オペラは「歌で進められる劇」を意味し、音楽、文学、演劇、美術が融合した総合芸術です。その歴史は400年以上にわたり、イタリアで誕生してから各地に伝播し、それぞれの地域の文化と結びつきながら多様な形式を生み出してきました。
イタリアでは18世紀にオペラ・セリアとオペラ・ブッファという二つの対極的な形式が確立されました。オペラ・セリアは神話や歴史的英雄を題材とする厳粛な正歌劇で、カストラート歌手の華麗な技巧と即興的なカデンツァが魅力です。一方、オペラ・ブッファは庶民的な日常生活を描く喜歌劇で、バッソ・ブッフォによる風刺とユーモアが観客を楽しませます。モーツァルトはこのイタリア形式を吸収しながら、『フィガロの結婚』『魔笛』などの不朽の名作を残しました。
19世紀のフランスでは、パリ・オペラ座を中心にグランド・オペラという壮大な形式が発展しました。5幕構成、バレエの挿入、大規模な合唱とオーケストラ、そして豪華な舞台装置が必須であり、歴史的スペクタクルとして多くの観客を集めました。対照的に、同じくフランスで生まれウィーンで開花したオペレッタは、より軽快で娯楽的な性格を持ち、後のミュージカルの発展に大きな影響を与えました。

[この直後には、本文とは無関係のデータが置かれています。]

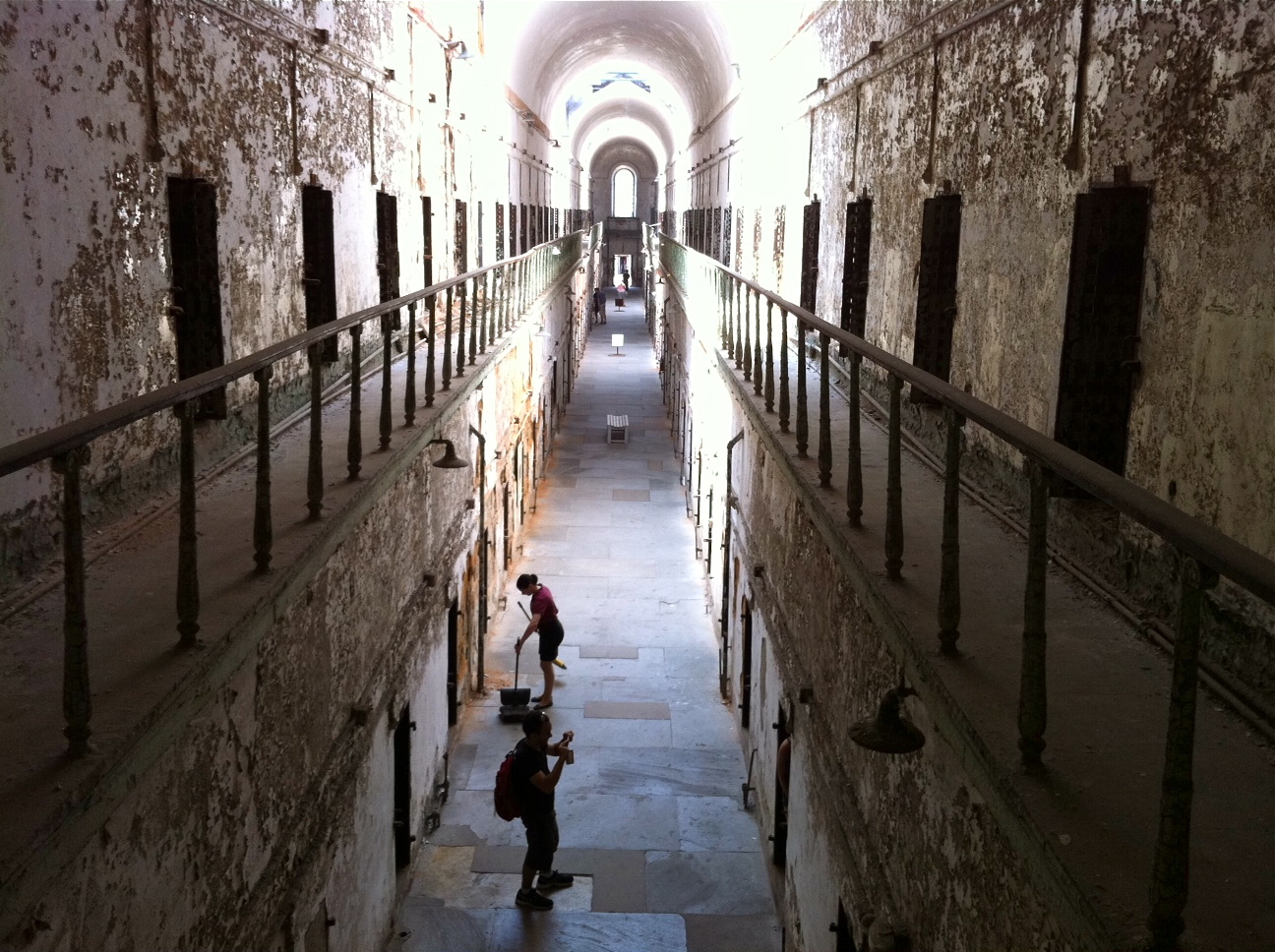 Photos from a Philadelphia prison reidontravel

ドイツではワーグナーが「楽劇」という新しい概念を提唱し、音楽と劇の完全な融合を目指しました。無終旋律とリートモティーフによる緻密な構成は、後のオペラ作曲に革命をもたらしました。こうした多様なオペラの形式を知ることは、作品をより深く理解し、鑑賞の楽しみを広げる重要な鍵となります。